Previous FIA Cardservices customers. You should have received your new Elan-issued cards by now, and been told what the new rewards structure is. There is no new credit check. Your credit card number will be different, but the credit card history (like age of account) should continue as before on your credit reports. Your existing rewards balance will be moved over. Re-enroll your card for online account management at FidelityRewards.com. Re-enroll your cards for rewards redemption after logging into your account at Fidelity.com / Credit Card Snapshot / Manage Rewards Points.

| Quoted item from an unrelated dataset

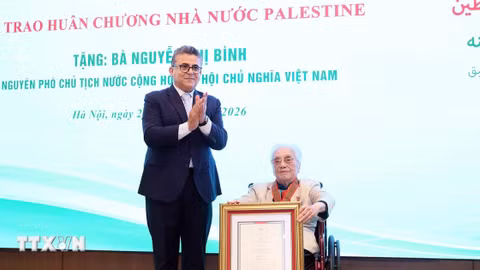 Trao Huân chương Ngôi sao Công trạng tặng nguyên Phó Chủ tịch nước Nguyễn Thị Bình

You will need your Fidelity account numbers.

There was (understandably) some angry existing customers when they were told they would only start at 1.5% cash back and not the 2% cash back offered to new customers. Some reps told existing customers that they would have apply for a new card in order to get the 2%. However, it appears that Fidelity has softened that decision. If you call up the number on the back of your card and ask them, they should upgrade you to 2% cash back without hassle. But it won’t happen automatically; you must call.

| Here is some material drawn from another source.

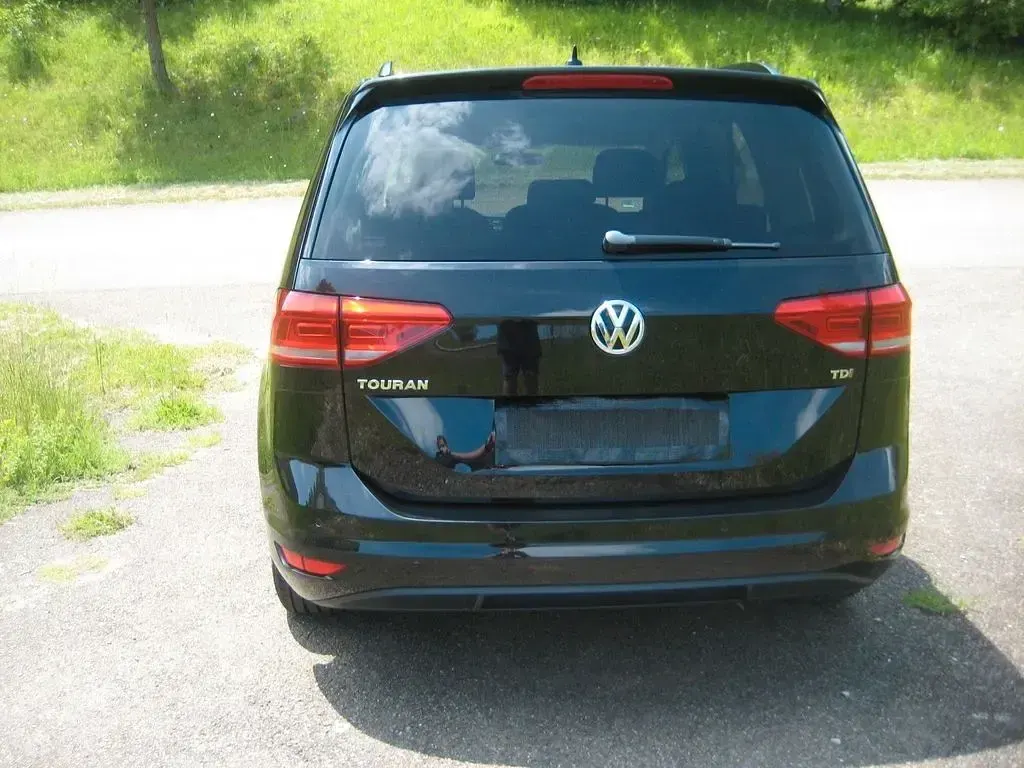 Gebraucht VW Touran Comfortline 110 PS (80 kW) 2015 Schwarz Van / Kleinbus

Commentary. Overall, this move makes complete business sense. They negotiated terms that could offer a Visa card with 2% cash back without any tiers. Fidelity uses this card to encourage customers to keep all their assets within Fidelity-branded accounts. You could theoretically now have your checking account, credit card, brokerage account, IRA, 401(k), all with Fidelity.

Their previous issuer, FIA Cardservices was owned by Bank of America, which is essentially a direct competitor. You could also have a Bank of America checking account, BofA credit card, Merrill Edge brokerage account, and Merrill Lynch wealth management account under their umbrella. In fact, I recently opened up a Merrill Edge account and moved over $100,000 of assets and received (1) 100 free stock trades a month and (2) an effective 2.625% back towards any travel with the Bank of America Travel Rewards card (my review). I pay no annual account fees on either product.

Elan Financial Services is a subsidiary of US Bank, but they are less of a direct competitor. You won’t see “US Bank” mentioned anywhere on this card. Elan quietly co-brands with many other financial institutions (over 1,400) who want a credit card but don’t want to handle the back-end details.

Bottom line. I believe it remains a solid cash back card for existing Fidelity customers (or those willing to open a Fidelity account). As a self-directed investor, I also like to keep my options open. I have this new Fidelity card, but I don’t use it. I use the Bank of America card mentioned above because it offers higher rewards for my situation. I also have (but don’t currently use) the Citi Double Cash card (my review) because it is a similarly solid card with no annual fee (and doesn’t require any companion account).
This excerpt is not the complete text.